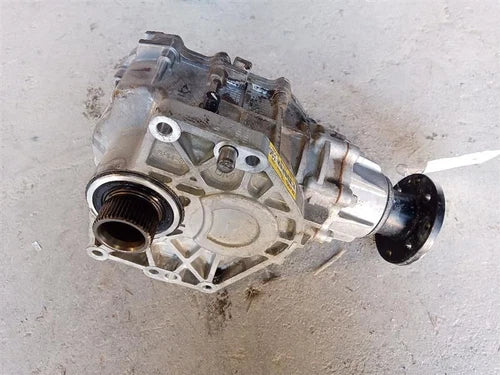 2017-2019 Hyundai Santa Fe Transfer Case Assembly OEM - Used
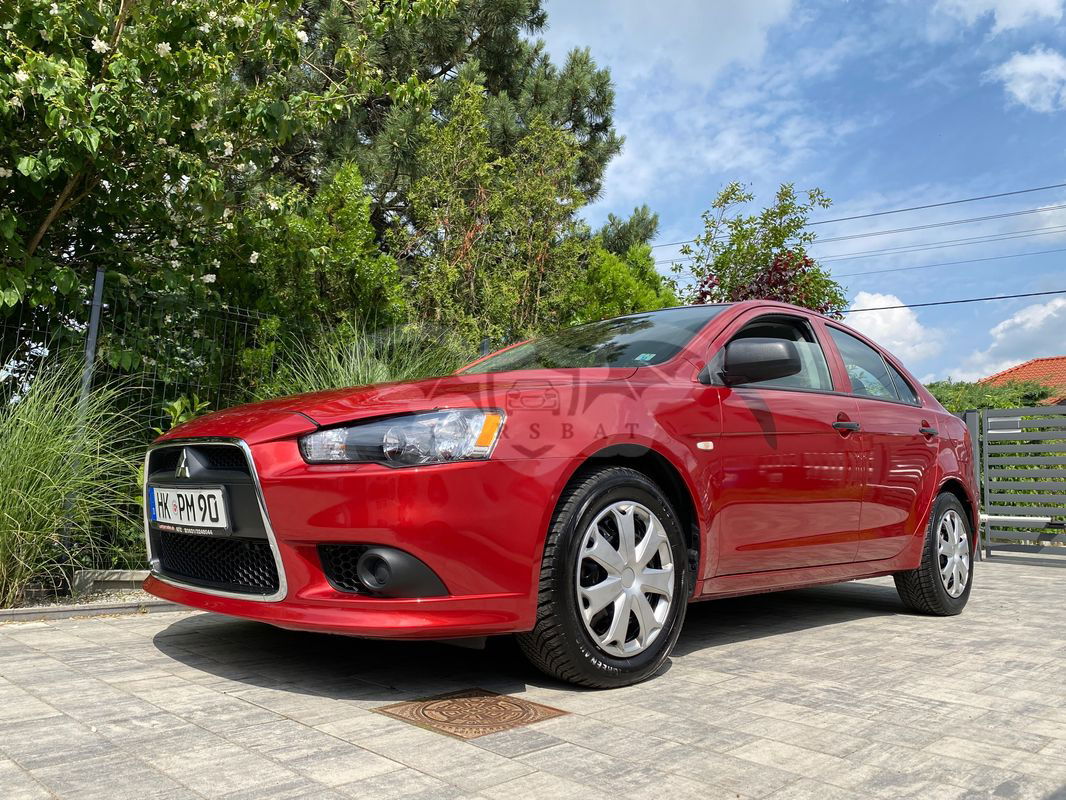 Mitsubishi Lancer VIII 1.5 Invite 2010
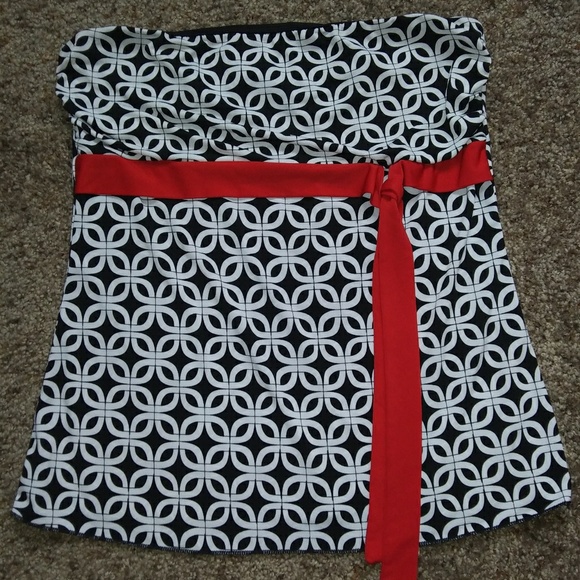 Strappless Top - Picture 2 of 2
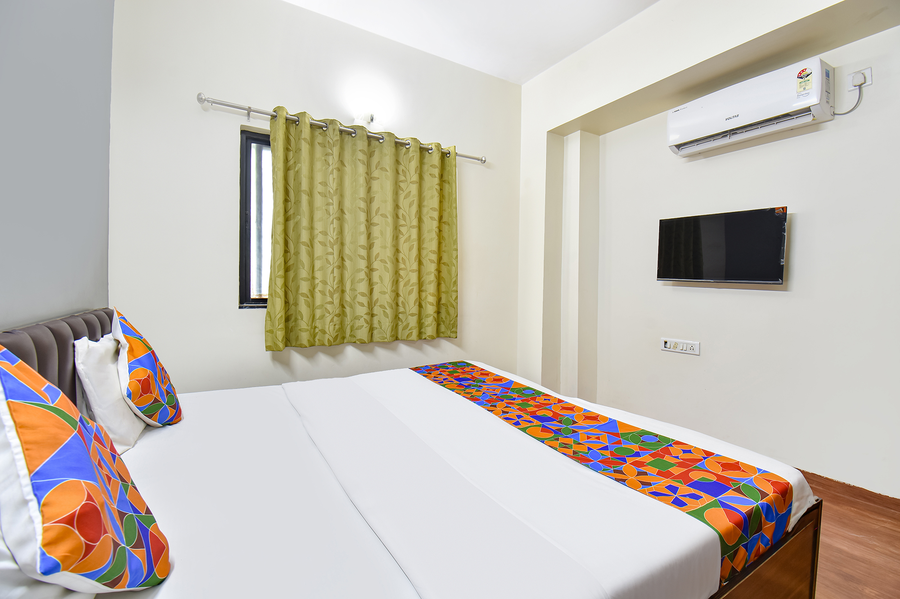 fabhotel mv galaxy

● Your instructions: Set the pictures aside and reproduce the data above exactly.

● Exercise result:
 2017-2019 Hyundai Santa Fe Transfer Case Assembly OEM - Used
 Mitsubishi Lancer VIII 1.5 Invite 2010
 Strappless Top - Picture 2 of 2
 fabhotel mv galaxy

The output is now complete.